I'm working on a web scraping project and have ran into problems with speed. To try to fix it, I want to use lxml instead of html.parser as BeautifulSoup's parser. I've been able to do this:
soup = bs4.BeautifulSoup(html, 'lxml')
but I don't want to have to repeatedly type 'lxml'
every time I call BeautifulSoup. Is there a way I can set which parser to use once at the beginning of my program?
According to the Specifying the parser to use documentation page:
The first argument to the BeautifulSoup constructor is a string or an open filehandle–the markup you want parsed. The second argument is how you’d like the markup parsed.
If you don’t specify anything, you’ll get the best HTML parser that’s installed. Beautiful Soup ranks lxml’s parser as being the best, then html5lib’s, then Python’s built-in parser.

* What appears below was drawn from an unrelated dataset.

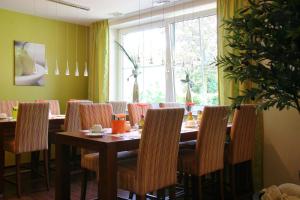 Posezení v ubytování NordWest-Hotel Bad Zwischenahn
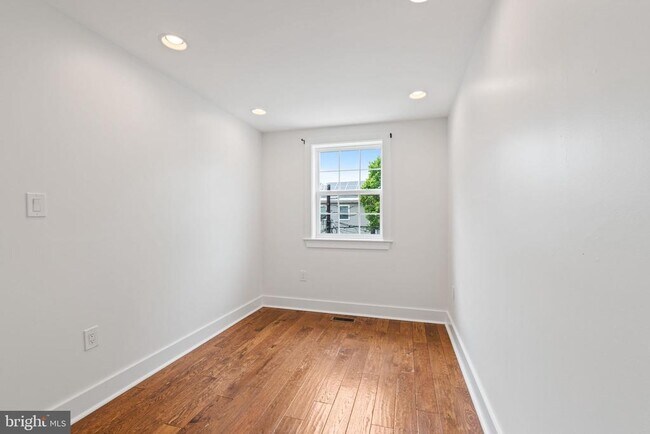Building Photo - 1110 Orren St NE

In other words, just installing lxml
in the same python environment makes it a default parser.
Though note, that explicitly stating a parser is considered a best-practice approach. There are differences between parsers that can result into subtle errors which would be difficult to debug if you are letting BeautifulSoup
choose the best parser by itself. You would also have to remember that you need to have lxml
installed. And, if you would not have it installed, you would not even notice it - BeautifulSoup
would just get the next available parser without throwing any errors.
If you still don't want to specify the parser explicitly, at least make a note for future yourself or others who would use the code you've written in the project's README/documentation, and list lxml
in your project requirements alongside with beautifulsoup4
.
Besides: "Explicit is better than implicit."